Your goal =>
Each line from the one containing "Ефірні пляшки з" through the last line of the data below is to be written out verbatim, and nothing more.

[Materials provided Boundary: Start]

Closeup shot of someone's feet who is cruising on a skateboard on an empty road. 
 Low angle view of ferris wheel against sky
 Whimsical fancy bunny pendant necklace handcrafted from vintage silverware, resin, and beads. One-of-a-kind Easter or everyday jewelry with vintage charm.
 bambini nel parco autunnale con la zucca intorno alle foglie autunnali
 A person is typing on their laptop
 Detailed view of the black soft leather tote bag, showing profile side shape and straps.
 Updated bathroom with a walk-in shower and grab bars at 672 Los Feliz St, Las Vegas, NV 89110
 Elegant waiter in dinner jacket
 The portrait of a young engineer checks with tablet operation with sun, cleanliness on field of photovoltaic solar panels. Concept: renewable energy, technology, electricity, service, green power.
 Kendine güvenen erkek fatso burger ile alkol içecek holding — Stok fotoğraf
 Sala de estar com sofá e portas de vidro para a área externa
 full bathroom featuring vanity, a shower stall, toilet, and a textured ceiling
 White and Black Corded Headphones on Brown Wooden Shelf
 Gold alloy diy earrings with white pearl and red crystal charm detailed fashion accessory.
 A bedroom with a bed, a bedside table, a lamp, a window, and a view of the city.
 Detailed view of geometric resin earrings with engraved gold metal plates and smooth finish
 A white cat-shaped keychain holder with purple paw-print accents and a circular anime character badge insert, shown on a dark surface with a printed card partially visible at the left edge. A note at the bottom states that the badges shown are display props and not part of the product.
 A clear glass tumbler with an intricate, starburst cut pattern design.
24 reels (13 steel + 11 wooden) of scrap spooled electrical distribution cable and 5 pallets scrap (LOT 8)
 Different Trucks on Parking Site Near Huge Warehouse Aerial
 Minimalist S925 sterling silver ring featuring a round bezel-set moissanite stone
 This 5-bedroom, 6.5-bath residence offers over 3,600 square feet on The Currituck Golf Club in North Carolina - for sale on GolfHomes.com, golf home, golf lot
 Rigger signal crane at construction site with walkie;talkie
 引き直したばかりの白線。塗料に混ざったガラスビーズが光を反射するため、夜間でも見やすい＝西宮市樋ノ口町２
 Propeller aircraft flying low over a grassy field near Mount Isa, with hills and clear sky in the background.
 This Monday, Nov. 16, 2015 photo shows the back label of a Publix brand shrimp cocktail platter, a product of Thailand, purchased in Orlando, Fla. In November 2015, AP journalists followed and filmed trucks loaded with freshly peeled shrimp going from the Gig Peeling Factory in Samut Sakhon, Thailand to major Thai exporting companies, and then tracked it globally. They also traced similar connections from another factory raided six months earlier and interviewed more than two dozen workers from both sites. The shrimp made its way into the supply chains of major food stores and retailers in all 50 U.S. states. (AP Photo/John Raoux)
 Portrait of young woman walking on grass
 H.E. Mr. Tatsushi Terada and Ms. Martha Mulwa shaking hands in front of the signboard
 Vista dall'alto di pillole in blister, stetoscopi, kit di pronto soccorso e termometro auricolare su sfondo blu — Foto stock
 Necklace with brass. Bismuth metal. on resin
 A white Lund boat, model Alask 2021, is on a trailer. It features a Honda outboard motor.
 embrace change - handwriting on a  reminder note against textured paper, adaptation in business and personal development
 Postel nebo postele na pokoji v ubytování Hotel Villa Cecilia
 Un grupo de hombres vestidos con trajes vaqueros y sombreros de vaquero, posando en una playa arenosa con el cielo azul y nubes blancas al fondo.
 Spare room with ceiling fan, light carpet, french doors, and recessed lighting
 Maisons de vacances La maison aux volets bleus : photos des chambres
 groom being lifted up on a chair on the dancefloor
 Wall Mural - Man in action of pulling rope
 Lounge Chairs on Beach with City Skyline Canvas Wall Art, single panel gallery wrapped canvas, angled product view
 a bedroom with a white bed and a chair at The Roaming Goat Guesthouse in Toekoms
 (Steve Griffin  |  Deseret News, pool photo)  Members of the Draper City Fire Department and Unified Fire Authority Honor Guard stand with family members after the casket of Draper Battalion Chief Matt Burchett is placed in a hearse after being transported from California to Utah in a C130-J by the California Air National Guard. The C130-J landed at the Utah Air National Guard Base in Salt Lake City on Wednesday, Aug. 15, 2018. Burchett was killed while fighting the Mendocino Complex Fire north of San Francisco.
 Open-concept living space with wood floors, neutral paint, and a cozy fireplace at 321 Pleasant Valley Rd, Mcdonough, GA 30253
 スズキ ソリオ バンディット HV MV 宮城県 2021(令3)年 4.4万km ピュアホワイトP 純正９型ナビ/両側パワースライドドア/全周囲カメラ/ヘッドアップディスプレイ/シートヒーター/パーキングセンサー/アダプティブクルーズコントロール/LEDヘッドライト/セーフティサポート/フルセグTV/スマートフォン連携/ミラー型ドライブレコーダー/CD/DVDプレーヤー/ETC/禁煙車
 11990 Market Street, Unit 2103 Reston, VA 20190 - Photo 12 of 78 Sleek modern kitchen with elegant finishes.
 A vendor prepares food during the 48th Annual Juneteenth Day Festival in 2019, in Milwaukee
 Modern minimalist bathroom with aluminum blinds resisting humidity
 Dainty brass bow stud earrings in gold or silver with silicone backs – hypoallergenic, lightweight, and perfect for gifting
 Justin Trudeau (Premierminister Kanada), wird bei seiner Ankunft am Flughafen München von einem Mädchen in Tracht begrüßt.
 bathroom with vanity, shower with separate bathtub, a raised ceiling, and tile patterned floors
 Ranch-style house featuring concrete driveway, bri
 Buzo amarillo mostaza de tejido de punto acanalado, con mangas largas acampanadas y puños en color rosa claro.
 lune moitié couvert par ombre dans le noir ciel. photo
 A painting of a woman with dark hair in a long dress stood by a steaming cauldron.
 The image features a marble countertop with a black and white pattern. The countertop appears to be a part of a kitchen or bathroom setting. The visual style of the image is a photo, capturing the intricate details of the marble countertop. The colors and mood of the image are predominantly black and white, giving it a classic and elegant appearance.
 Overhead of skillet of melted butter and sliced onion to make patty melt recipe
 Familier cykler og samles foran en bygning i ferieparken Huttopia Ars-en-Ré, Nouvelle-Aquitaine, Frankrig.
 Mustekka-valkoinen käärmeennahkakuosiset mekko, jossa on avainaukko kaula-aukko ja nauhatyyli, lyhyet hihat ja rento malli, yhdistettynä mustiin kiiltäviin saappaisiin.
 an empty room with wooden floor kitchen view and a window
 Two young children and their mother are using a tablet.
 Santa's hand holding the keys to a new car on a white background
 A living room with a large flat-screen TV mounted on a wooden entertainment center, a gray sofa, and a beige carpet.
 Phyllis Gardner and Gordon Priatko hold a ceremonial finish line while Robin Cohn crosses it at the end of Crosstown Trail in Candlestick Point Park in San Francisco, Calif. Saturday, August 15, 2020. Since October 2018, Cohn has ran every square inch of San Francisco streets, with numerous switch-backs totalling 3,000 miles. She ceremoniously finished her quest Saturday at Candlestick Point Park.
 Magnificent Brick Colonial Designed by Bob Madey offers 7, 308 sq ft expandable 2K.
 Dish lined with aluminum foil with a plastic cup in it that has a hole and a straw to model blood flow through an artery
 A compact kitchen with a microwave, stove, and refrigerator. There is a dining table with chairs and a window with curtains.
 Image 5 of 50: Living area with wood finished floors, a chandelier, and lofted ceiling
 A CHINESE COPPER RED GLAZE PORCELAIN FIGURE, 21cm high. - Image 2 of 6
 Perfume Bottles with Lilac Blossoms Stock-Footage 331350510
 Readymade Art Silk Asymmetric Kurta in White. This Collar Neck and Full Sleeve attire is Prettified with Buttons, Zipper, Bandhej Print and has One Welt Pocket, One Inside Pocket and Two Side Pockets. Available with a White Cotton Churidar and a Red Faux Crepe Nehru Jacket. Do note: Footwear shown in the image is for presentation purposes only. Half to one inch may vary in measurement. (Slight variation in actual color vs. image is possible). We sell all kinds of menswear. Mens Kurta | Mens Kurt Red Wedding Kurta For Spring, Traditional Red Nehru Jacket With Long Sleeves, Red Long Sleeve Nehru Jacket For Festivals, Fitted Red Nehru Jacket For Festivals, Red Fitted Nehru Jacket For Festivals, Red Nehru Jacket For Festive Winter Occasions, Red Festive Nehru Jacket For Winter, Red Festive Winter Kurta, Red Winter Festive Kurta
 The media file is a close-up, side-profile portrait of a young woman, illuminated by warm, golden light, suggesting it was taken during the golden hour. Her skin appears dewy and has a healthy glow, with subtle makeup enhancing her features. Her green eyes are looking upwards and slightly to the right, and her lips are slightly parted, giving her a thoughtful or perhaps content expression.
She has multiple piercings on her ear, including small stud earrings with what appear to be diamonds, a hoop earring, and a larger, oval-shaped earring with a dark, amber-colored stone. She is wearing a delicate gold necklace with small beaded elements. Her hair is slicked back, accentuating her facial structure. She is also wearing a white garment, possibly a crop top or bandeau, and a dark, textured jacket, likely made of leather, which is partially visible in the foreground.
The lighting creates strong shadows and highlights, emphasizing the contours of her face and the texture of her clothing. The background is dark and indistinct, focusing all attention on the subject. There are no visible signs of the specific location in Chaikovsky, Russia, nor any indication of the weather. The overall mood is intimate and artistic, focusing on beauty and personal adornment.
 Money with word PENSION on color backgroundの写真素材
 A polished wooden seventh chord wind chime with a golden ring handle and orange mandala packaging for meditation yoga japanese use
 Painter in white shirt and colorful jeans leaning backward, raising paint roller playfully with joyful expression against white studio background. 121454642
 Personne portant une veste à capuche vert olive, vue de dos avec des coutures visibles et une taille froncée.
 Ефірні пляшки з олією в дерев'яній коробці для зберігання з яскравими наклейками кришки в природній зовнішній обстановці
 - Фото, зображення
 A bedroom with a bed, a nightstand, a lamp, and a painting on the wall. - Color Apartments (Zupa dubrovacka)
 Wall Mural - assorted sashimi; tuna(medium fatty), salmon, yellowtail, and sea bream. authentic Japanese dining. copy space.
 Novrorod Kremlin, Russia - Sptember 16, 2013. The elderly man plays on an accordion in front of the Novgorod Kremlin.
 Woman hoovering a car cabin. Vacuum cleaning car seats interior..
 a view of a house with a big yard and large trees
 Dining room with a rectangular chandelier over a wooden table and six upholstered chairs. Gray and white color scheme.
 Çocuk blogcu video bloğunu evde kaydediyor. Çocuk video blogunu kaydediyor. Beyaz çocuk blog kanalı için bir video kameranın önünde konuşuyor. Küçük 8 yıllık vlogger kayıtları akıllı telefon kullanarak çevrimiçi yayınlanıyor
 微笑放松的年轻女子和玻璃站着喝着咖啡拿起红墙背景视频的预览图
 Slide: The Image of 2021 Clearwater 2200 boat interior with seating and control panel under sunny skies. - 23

[Materials provided Boundary: End]

Expected output =>
 Ефірні пляшки з олією в дерев'яній коробці для зберігання з яскравими наклейками кришки в природній зовнішній обстановці
 - Фото, зображення
 A bedroom with a bed, a nightstand, a lamp, and a painting on the wall. - Color Apartments (Zupa dubrovacka)
 Wall Mural - assorted sashimi; tuna(medium fatty), salmon, yellowtail, and sea bream. authentic Japanese dining. copy space.
 Novrorod Kremlin, Russia - Sptember 16, 2013. The elderly man plays on an accordion in front of the Novgorod Kremlin.
 Woman hoovering a car cabin. Vacuum cleaning car seats interior..
 a view of a house with a big yard and large trees
 Dining room with a rectangular chandelier over a wooden table and six upholstered chairs. Gray and white color scheme.
 Çocuk blogcu video bloğunu evde kaydediyor. Çocuk video blogunu kaydediyor. Beyaz çocuk blog kanalı için bir video kameranın önünde konuşuyor. Küçük 8 yıllık vlogger kayıtları akıllı telefon kullanarak çevrimiçi yayınlanıyor
 微笑放松的年轻女子和玻璃站着喝着咖啡拿起红墙背景视频的预览图
 Slide: The Image of 2021 Clearwater 2200 boat interior with seating and control panel under sunny skies. - 23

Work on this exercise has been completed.